Os professores produzem e organizam o conhecimento escolar em dado contexto sócio-
histórico, priorizando determinados conhecimentos e metodologias em detrimento de outros
(GOODSON, 1995). A ampliação da disciplina História Natural para outros anos e séries
escolares nos programas de 1929 e dos anos 1930 indica maior destaque para disciplinas
escolares em ciências no currículo dessa instituição.
Considerações Finais
Os traços do conhecimento nos livros didáticos estão entrelaçados aos elementos que
estruturaram as disciplinas escolares, a partir de “necessidades, prerrogativas e
circunstâncias históricas da cultura escolar e da pedagogia” (MAGALHÃES, 2006, p. 10).
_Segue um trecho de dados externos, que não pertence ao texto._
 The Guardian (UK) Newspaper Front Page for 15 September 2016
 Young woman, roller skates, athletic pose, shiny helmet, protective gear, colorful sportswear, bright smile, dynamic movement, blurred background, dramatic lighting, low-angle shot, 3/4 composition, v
A
análise de duas edições do livro permite identificar elementos de didatização do
conhecimento escolar, que se voltam para as necessidades da disciplina História Natural no
ensino normal, e aponta que sua produção compatibiliza-se com o ideário reformista dos
anos 1920 e 1930. Este aspecto pode ser reconhecido nos traços morfológicos e estilísticos
mobilizados, com o emprego de ilustrações, quadros e esquemas.
A autoria e o contexto de produção externo à escola impregnam esse compêndio de
significado para o exame da disciplina escolar no período. Considerando o prestígio do
professor catedrático de História Natural na Escola Normal e no Instituto de Educação, é
possível reconhecer o livro como uma versão autorizada do conhecimento escolar nesse
período. Outras pesquisas sobre conhecimento, livros didáticos e a disciplina escolar
História Natural podem contribuir para subsidiar estudos comparativos na área.